*Exercise brief:* The records underneath are to be printed in full and exactly, with no pictures carried over.

── Task inputs ──

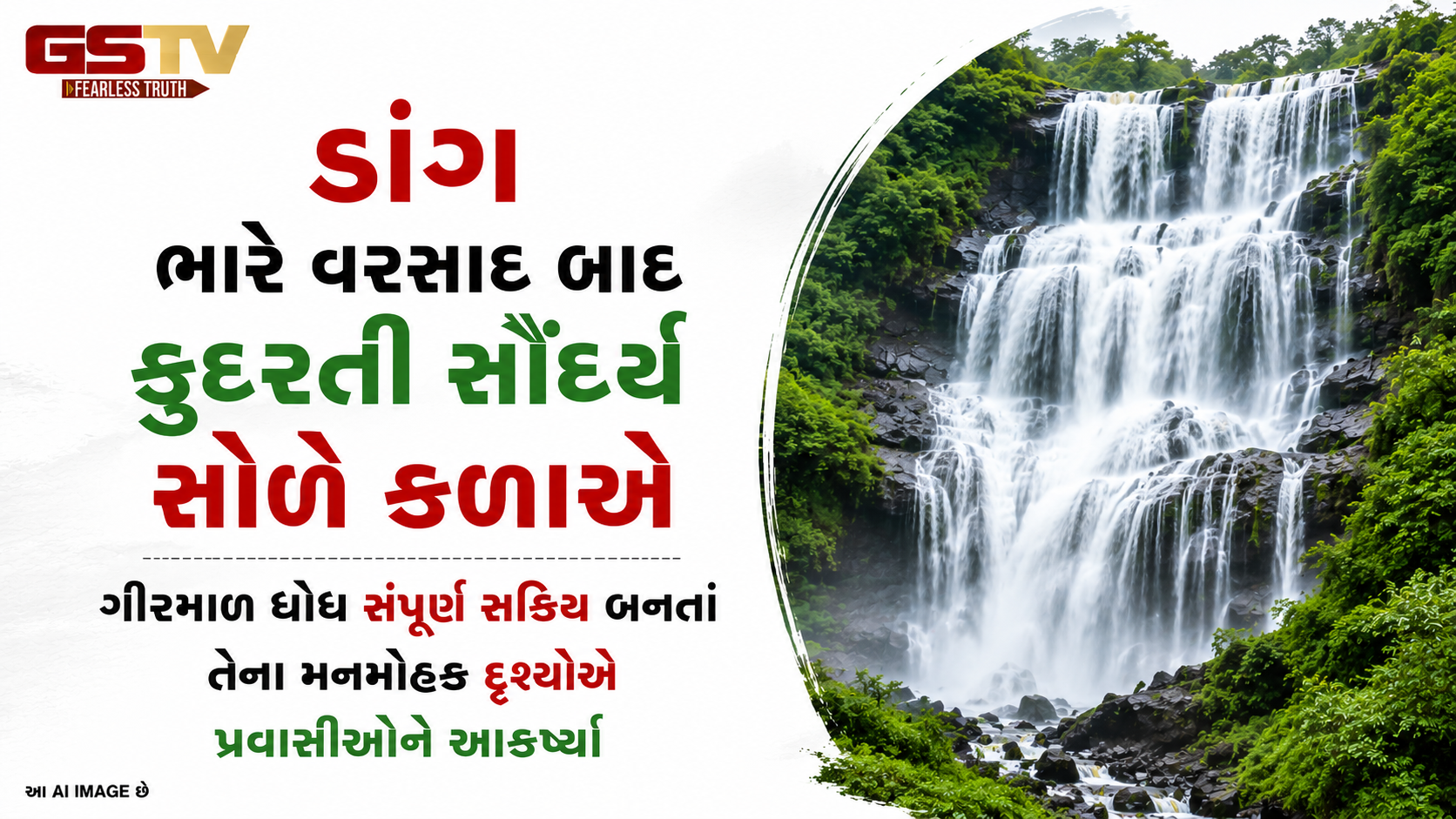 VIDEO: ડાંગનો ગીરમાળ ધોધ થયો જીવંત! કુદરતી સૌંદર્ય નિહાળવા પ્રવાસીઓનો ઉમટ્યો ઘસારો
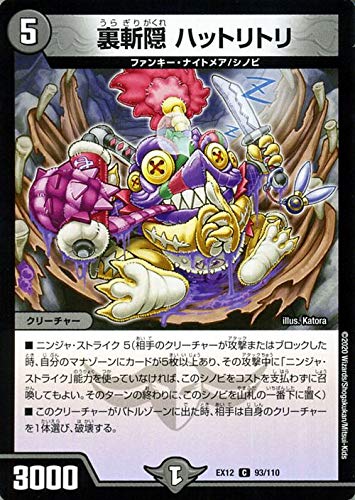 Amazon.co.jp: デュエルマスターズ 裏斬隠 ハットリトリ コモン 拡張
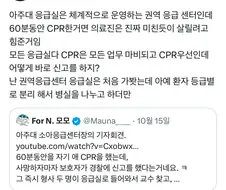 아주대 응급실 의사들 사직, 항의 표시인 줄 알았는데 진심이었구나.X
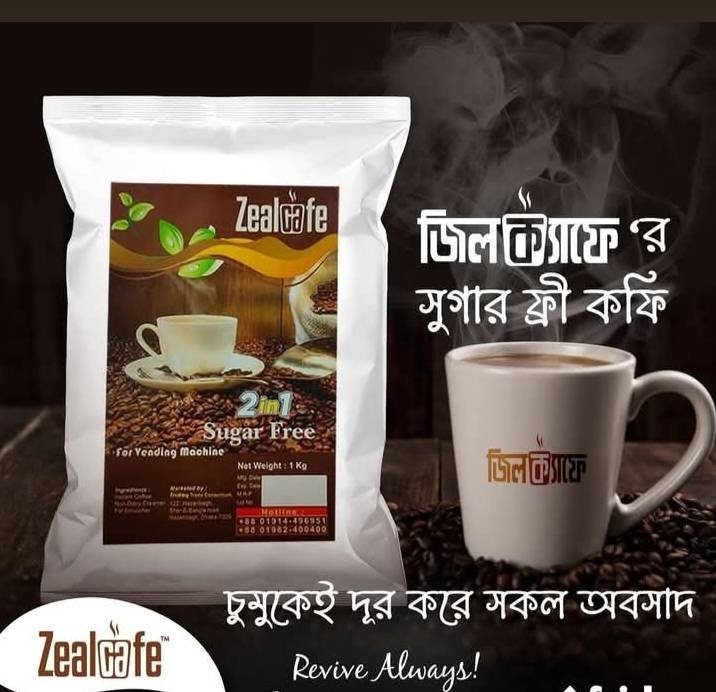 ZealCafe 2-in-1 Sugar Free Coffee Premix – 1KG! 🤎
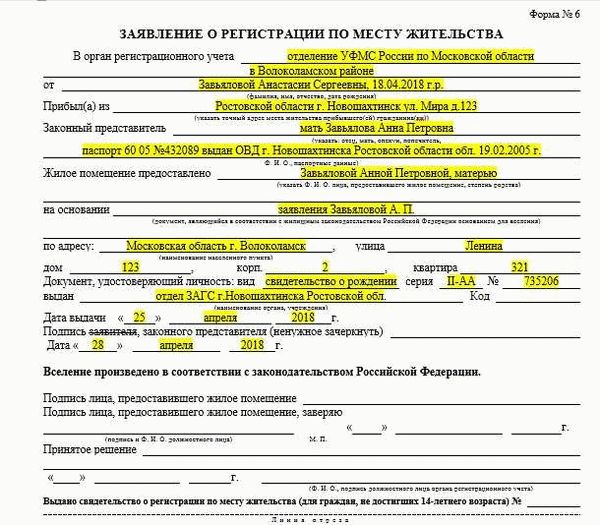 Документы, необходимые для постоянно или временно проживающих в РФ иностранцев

───

*Result of the exercise:*
 VIDEO: ડાંગનો ગીરમાળ ધોધ થયો જીવંત! કુદરતી સૌંદર્ય નિહાળવા પ્રવાસીઓનો ઉમટ્યો ઘસારો
 Amazon.co.jp: デュエルマスターズ 裏斬隠 ハットリトリ コモン 拡張
 아주대 응급실 의사들 사직, 항의 표시인 줄 알았는데 진심이었구나.X
 ZealCafe 2-in-1 Sugar Free Coffee Premix – 1KG! 🤎
 Документы, необходимые для постоянно или временно проживающих в РФ иностранцев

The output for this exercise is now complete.